Exhibit 10.1
                             SECURED PROMISSORY NOTE




$70,000.00                                                          May 31, 2004

     FOR VALUE RECEIVED, the undersigned, Tulix Systems, Inc., a Georgia
corporation ("Maker"), promises to pay to the order of HomeCom Communications,
Inc., a Delaware corporation ("Payee"; Payee and any subsequent holder[s] hereof
are hereinafter referred to collectively as "Holder"), at the office of Payee at
90 Grove Street, Suite 202, Ridgefield, Connecticut 06877, or at such other
place as Holder may designate to Maker in writing from time to time, the
principal sum of SEVENTY THOUSAND AND NO/100THS DOLLARS ($70,000.00).

     The principal amount hereof shall be due and payable on May 31, 2005 (the
"Maturity Date").

     Interest on the outstanding unpaid principal amount hereof shall accrue at
the rate of seven percent (7.0%) per annum (computed on the basis of a 360-day
year), beginning on the date hereof, and shall be due and payable on the
Maturity Date.

     The indebtedness evidenced hereby may be prepaid in whole or in part, at
any time and from time to time, without premium or penalty. Any such prepayments
shall be credited first to any accrued and unpaid interest and then to the
outstanding principal balance hereof.

     Time is of the essence of this Note. This Note is secured pursuant to the
terms of that certain Security Agreement, of even date herewith, between Maker
and Payee, as amended, supplemented or restated from time to time (the "Security
Agreement"). It is hereby expressly agreed that in the event that any Event of
Default shall occur under and as defined in the Security Agreement, which Event
of Default is not cured following the giving of any applicable notice and within
any applicable cure period set forth in the Security Agreement, then, and in
such event, the entire outstanding principal balance of the indebtedness
evidenced hereby, together with any other sums advanced hereunder, under the
Security Agreement and/or under any other instrument or document now or
hereafter evidencing, securing or in any way relating to the indebtedness
evidenced hereby, together with all unpaid interest accrued thereon, shall, at
the option of Holder and without notice to Maker, at once become due and payable
and may be collected forthwith, regardless of the stipulated date of maturity.
Upon the occurrence of any Event of Default as set forth herein and during any
period that Maker shall have failed to make payment of any principal or interest
due hereunder, at the option of Holder and without notice to Maker, all accrued
and unpaid interest, if any, shall be added to the outstanding principal balance
hereof, and the entire outstanding principal balance, as so adjusted, shall bear
interest thereafter until paid at an annual rate (the "Default Rate") equal to
the lesser of (i) the rate that is seven percentage points (7.0%) in excess of
the above-specified interest rate, or (ii) the maximum rate of interest allowed
to be charged under applicable law (the "Maximum Rate"), regardless of whether
or not there has been an acceleration of the payment of principal as set forth
herein. All such interest shall be paid at the time of and as a condition
precedent to the curing of any such Event of Default.

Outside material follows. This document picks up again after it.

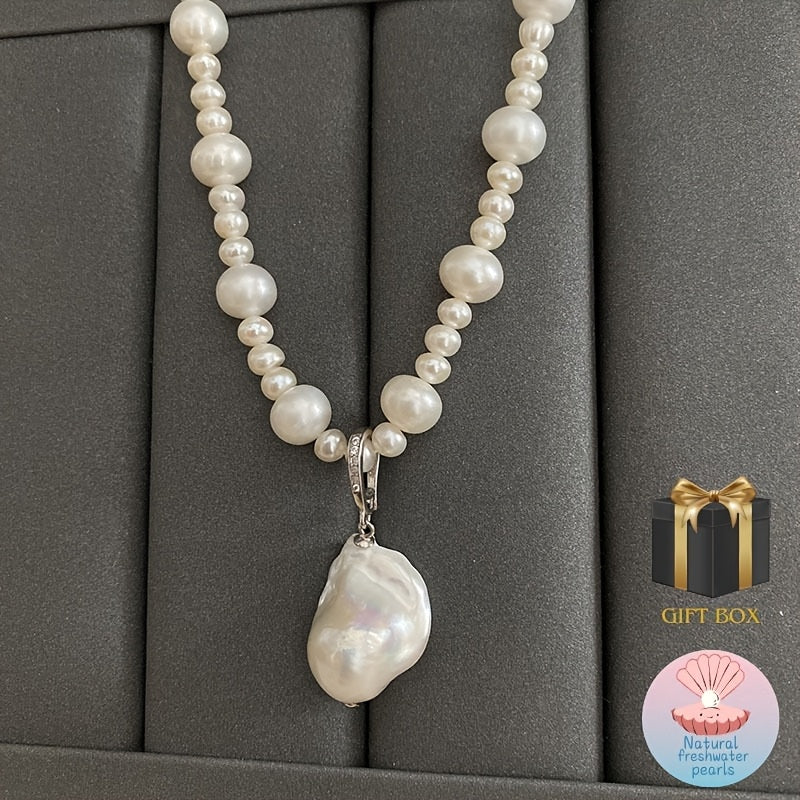 Baroque Style Freshwater Pearl Necklace with Adjustable Clasp - Timeless and Elegant Design for Every Occasion, Genuine Pearls with Universal Clasp, Ideal for Valentine's Day and Special Events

     In the event this Note is placed in the hands of an attorney for
collection, or if Holder incurs any costs incident to the collection of the
indebtedness evidenced hereby, Maker and any endorsers hereof agree to pay to
Holder an amount equal to all such costs, including without limitation all
reasonable attorneys' fees and all court costs.

     Presentment for payment, demand, protest and notice of demand, protest and
nonpayment are hereby waived by Maker and all other parties hereto. No failure
to accelerate the indebtedness evidenced hereby by reason of an Event of Default
hereunder, acceptance of a past-due installment or other indulgences granted
from time to time, shall be construed as a novation of this Note or as a waiver
of such right of acceleration or of the right of Holder thereafter to insist
upon strict compliance with the terms of this Note or to prevent the exercise of
such right of acceleration or any other right granted hereunder or by applicable
law. No extension of the time for payment of the indebtedness evidenced hereby
or any installment due hereunder, made by agreement with any person now or
hereafter liable for payment of the indebtedness evidenced hereby, shall operate
to release, discharge, modify, change or affect the original liability of Maker
hereunder or that of any other person now or hereafter liable for payment of the
indebtedness evidenced hereby, either in whole or in part, unless Holder agrees
otherwise in writing. This Note may not be changed orally, but only by an
agreement in writing signed by the party against whom enforcement of any waiver,
change, modification or discharge is sought.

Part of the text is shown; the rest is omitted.